Baroja se detiene especialmente en recrear los diálogos de los personajes en circunstancias tan dramáticas. Así, cuando León se dispone a subir en el carruaje que le conducirá al lugar de ejecución, tiene lugar el siguiente intercambio dialéctico con su defensor Roncali:

“-¿Sabe usted, amigo mío, de qué tengo miedo? Tengo miedo de que los soldados yerren. ¡Cuántos tiros a quemarropa me han disparado en la guerra y, sin embargo, no tengo ni un arañazo!
-Es verdad, general. ¿Y cuántos caballos le han matado cuando usted los montaba?
-Ocho”.

La carretela y su escolta inician la marcha en dirección a la fatídica Puerta de Toledo y Baroja observa la actitud de la muchedumbre congregada a lo largo del camino:

“El gentío era compacto alrededor del carruaje. Cada vez que León dirigía su mirada clara y orgullosa  sobre la multitud oía yo a las mujeres que decían: “¡Matar a jun hombre tan guapo!” y escondían una lágrima furtiva bajo la mantilla. Los hombres, apretándose los puños con desesperación, exclamaban: “¡Matar a un hombre tan valiente!”…”.

Llegada la comitiva a la Puerta de Toledo, desaparece el público madrileño, al que no se permitió presenciar la ejecución, y nos quedamos con la crónica de primera mano de Beauvoir, testigo accidental del fusilamiento. Según su relato de los hechos, León, ya en su destino fatal,  pasó revista a las tropas y ocurrió lo siguiente:

“Sacó unas monedas de oro del bolsillo de su dolmán y las repartió entre los que le iban a fusilar. A los soldados que habían servido bajo sus órdenes los reconoció y les dirigió la palabra sonriendo”.
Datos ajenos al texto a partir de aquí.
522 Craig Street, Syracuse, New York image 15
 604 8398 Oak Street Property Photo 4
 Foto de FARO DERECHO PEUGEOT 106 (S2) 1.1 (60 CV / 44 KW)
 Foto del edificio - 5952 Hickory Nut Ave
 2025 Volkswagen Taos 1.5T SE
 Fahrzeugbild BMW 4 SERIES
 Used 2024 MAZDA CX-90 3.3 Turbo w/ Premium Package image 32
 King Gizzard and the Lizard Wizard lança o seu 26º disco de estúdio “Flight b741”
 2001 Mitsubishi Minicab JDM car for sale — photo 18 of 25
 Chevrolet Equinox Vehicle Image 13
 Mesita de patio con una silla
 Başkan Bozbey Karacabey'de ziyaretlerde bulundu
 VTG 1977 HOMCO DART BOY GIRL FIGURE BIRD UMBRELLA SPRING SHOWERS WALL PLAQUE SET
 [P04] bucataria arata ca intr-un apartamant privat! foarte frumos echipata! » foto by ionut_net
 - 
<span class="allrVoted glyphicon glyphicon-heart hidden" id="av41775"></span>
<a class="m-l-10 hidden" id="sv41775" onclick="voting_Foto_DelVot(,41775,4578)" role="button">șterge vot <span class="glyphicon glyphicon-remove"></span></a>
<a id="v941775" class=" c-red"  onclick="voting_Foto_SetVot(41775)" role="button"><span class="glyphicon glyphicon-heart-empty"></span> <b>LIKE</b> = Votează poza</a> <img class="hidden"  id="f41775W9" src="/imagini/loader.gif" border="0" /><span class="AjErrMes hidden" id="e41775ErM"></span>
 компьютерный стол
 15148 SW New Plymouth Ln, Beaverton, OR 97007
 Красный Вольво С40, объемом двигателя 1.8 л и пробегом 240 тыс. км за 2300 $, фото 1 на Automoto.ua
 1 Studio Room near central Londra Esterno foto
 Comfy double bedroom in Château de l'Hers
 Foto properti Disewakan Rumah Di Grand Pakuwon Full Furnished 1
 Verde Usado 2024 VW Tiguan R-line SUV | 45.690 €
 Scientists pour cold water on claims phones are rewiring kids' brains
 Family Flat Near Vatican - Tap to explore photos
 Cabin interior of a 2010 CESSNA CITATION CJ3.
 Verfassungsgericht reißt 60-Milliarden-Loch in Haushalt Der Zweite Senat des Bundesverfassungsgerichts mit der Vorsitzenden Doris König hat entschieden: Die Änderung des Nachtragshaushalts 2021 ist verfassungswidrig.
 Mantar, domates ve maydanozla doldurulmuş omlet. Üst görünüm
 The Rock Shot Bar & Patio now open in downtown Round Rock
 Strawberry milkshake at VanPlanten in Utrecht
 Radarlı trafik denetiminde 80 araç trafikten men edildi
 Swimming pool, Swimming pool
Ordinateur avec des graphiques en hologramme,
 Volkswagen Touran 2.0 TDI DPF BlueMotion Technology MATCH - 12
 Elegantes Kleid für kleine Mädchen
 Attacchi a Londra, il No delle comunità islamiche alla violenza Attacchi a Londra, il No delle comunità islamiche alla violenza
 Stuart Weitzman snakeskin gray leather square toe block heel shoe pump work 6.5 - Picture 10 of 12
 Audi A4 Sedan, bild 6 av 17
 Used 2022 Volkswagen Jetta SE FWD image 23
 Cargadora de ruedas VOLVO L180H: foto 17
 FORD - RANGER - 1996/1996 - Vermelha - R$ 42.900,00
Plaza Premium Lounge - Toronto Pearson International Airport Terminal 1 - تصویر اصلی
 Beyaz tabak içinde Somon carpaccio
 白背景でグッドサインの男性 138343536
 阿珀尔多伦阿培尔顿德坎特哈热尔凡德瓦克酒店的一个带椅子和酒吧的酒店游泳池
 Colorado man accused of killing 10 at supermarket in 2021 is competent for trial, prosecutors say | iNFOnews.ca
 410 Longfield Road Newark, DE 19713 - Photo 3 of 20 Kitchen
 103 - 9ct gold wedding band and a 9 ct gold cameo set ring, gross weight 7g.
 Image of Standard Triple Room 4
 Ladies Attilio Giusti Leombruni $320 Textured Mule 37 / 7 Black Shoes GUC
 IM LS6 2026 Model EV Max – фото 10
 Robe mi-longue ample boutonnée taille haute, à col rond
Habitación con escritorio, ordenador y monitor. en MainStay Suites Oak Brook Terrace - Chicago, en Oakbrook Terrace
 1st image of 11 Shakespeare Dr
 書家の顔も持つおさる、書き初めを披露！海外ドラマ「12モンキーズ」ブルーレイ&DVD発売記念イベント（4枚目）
Colocado en el cuadro, León escuchó la sentencia “erguido con la mano en el chacó” y tras la lectura del fiscal, dio un paso hacia adelante y dijo elevando la voz y mirando a los soldados:

“-Compañeros: Os habrán dicho que el general León era traidor y cobarde: ambas cosas son falsas; el general León jamás ha sido cobarde ni traidor”.

 Del momento final de la ejecución, Beauvoir por boca de Baroja nos ofrece dos versiones:

“Aquella voz resonaba como una voz de mando. Se dirigió en seguida al pelotón encargado de tirar sobre él y dijo a los fusileros:
-Que la mano no os tiemble. ¡Amigos! ¡Atención a la voz de mando!
Otros aseguran que dijo:
-No tembléis, al corazón.
Hundió después su chacó en la cabeza, pasó su mano por sus espesos bigotes y gritó con la misma firmeza:
-¡Preparen…, apunten…, fuego!”

Cayó León traspasado por las balas y “expiró en una actitud teatral y sin ser desfigurado por la muerte”.

Baroja refiere, a continuación, anécdotas relacionadas con la exposición pública del cadáver y la posterior reclamación del cuerpo por parte de la familia.

¡Cuántos mártires liberales vio el siglo XIX español abatidos por la descarga del pelotón de fusilamiento y cuán escasamente nuestra literatura se ha ocupado de ellos!